Tags: #Gay romance, #Contemporary

Until There Was You (8 page)

He couldn't help but think about Cecily's journey, about how she brushed off the rubble of the past and dared to live a new life. He tried to take comfort from that, from knowing someone who had been in his position and came out the other side better and stronger. Nate squeezed his eyes shut and tried, once again, to conjure up an image of his future. He saw himself and Bailey walking, swinging their arms in unison, smiling. Nate settled on this image, this snapshot of unity and wholeness, and let the warmth of it settle in his body and guide him to his first deep sleep in weeks.

*~*~*

Nate stood next to Cecily, Bailey hanging onto his back and Tommy hugging Cecily's leg, and looked into the deep abyss of the storage shed. Nate stared at the boxes housing the things that had made up his life for so long. The boxes were  in rows and stacked carefully, which made the space look impersonal, showing no signs of the heartbreak and loss that they represented. Little images and memories flickered through Nate's brain like an old projector spinning through a family album. He remembered how much it had rained on the day that they had bought their bed and how Joshua had tried to cover him with his coat. For a second, Nate thought that he could smell Joshua's aftershave in the air and the unique smell that the vintage coat gave off when it got wet. It took all of his strength not to turn around in the desperate hope that Joshua would be standing there as if nothing had happened and it was just another ordinary day. Nate could remember little glimpses of history for almost every item that was being stored in the shed, and the weight of the history felt a little overwhelming. He thought about how strange it was that everything he ever owned could be folded up and stored away in the darkness of a storage space.

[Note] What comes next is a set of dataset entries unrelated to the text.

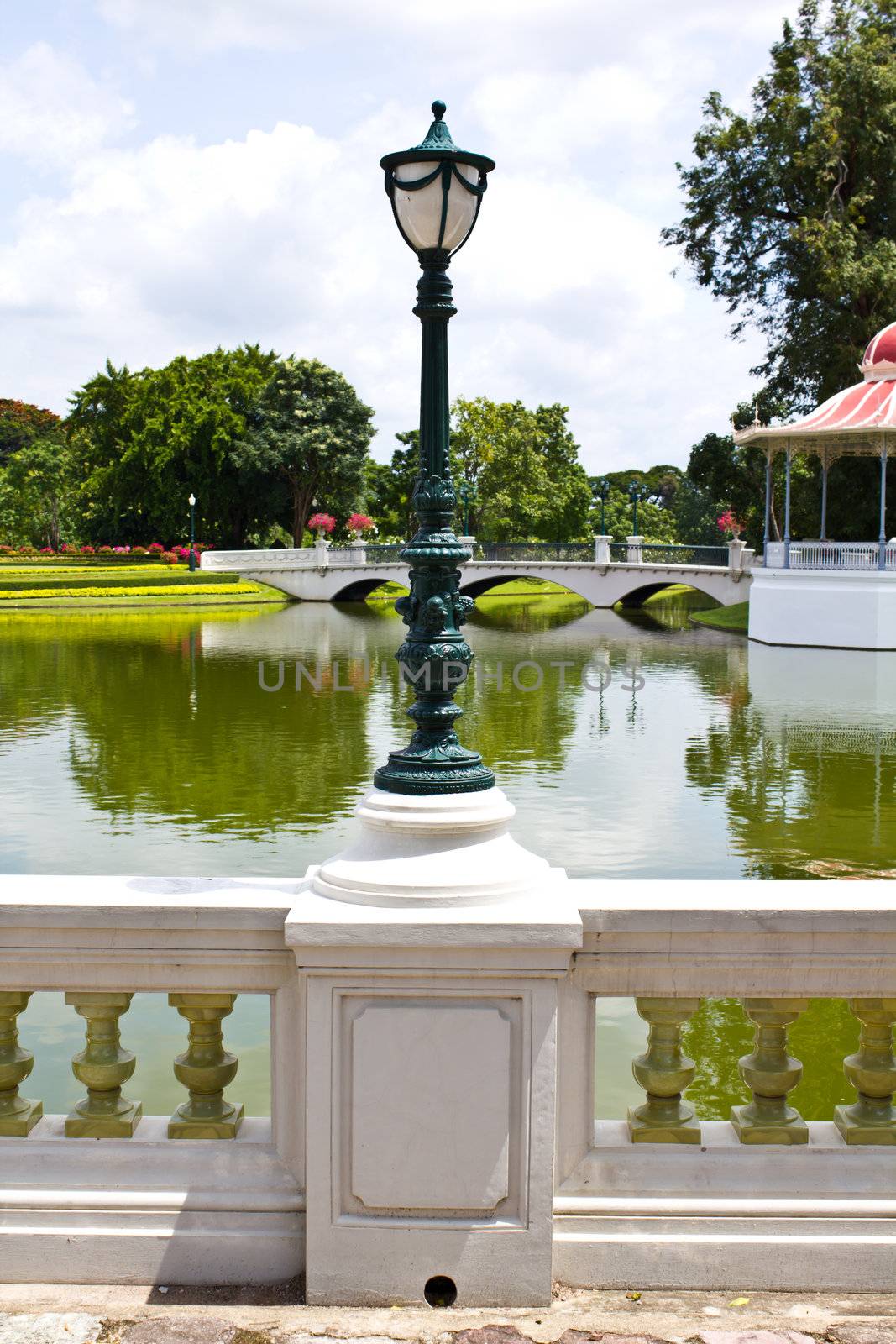 Old style lamppost around garden in bang pa-in Palace Ayutthaya Thailand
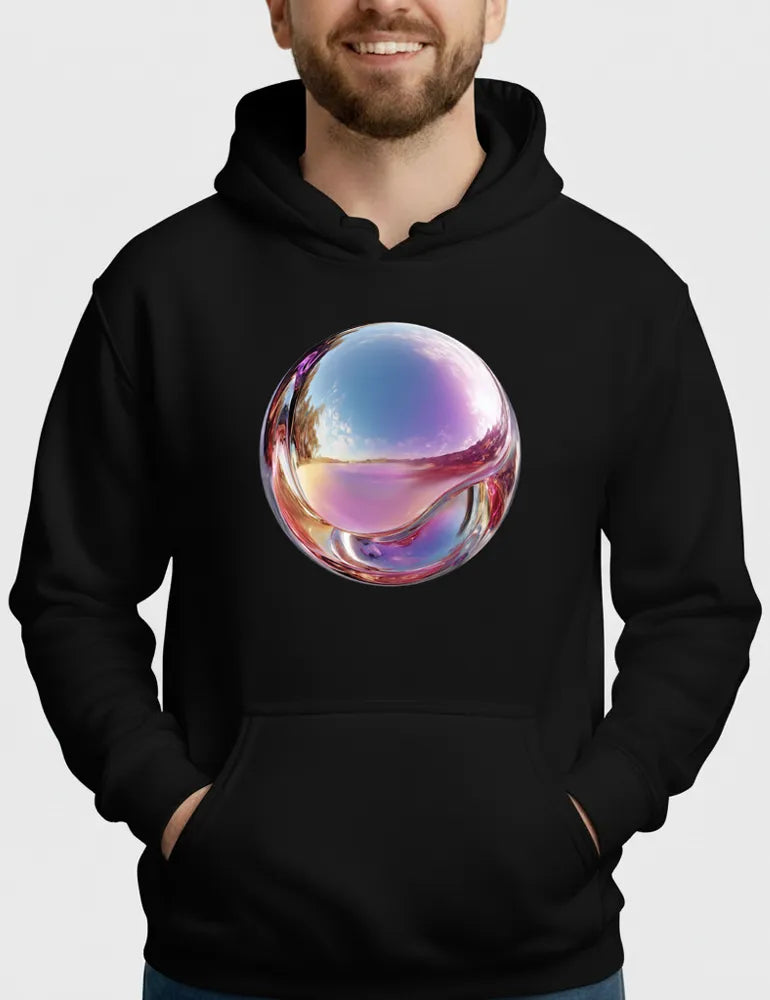 Iridescent Echo No. 05 - 3D Holographic Chrome Hoodie | The Liquid Light Series image 3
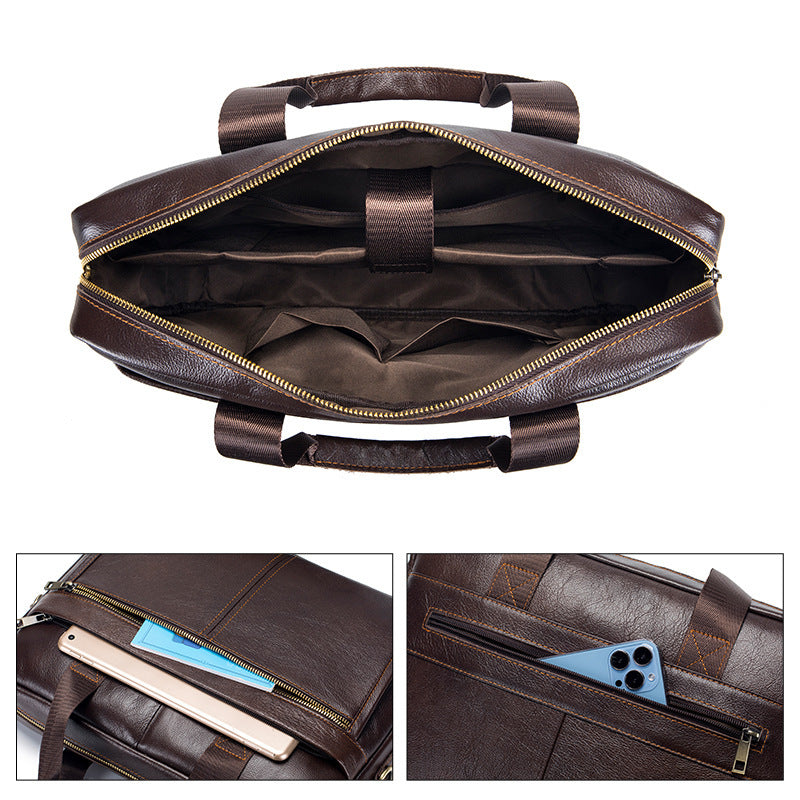 Men's First Layer Cowhide Portable Briefcase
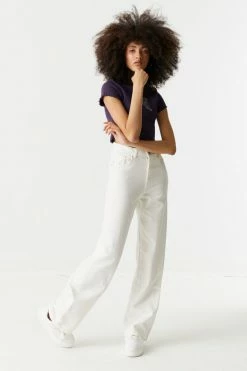 Stitches Ladies Tops Rhinestone Butterfly Graphic Lettuce Hem Cropped T-Shirt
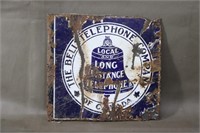 Bell Telephone Flanged Porcelain Sign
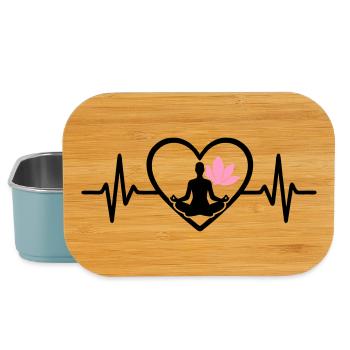 Yoga Heart Woman Silhouette Lotus Wellness - Lunch Box - light blue - Front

They stood there looking at the accoutrements of a life that no longer existed, that maybe hadn't even really existed. Nate felt Cecily grab his hand. He squeezed back encouragingly, making it clear that he was keeping it together. Bailey yawned, bored. He'd made sure that all of his favorite things were put in the car and was itching to do something fun.

"Okay, I'm ready... We can go now." Nate swallowed hard, suppressing the shiver of doubt that spiraled through his body. He couldn't stand looking at the boxes forever, imagining ways that things could have gone differently, could have gone better.

He put Bailey on the ground and shut the heavy door. It closed with a satisfying, defiant thud. The closing of a chapter resonated inside of him; the closing up of a wound and the opening of another. Nate picked Bailey back up and walked to his car, watching as tufts of dust drifted upwards underneath his boots. After he kissed Bailey on the cheek and secured him in his car seat, Nate stretched out. He raised his arms towards the sun, decompressing his spine.

Cecily stood behind him, shielding her eyes from the sun. "Do you know where you're going? Or what you're going to do once you get there?" she asked quietly.

Nate pulled his hands through his hair and then pushed them into his pockets. "I'm gonna stay with my friend Steven. He lives two hours north in a nice little town. Then I'm going to save up some money and rent a little place, somewhere with a writing nook. I'll find Bailey a new school and write my book, and later in the year, I'll do the interview circuit. And hopefully I'll be able to get enough money together at some point to come back to the city." Nate shrugged and gave a crooked, unconfident smile. "It's not that exciting, but it's a plan."

"It's a good plan, it's a solid plan." Tommy ran around Cecily, tugging at her dress, clearly impatient.

"I'm gonna go; I think the kids are getting antsy," Nate said, nodding towards Bailey and Tommy.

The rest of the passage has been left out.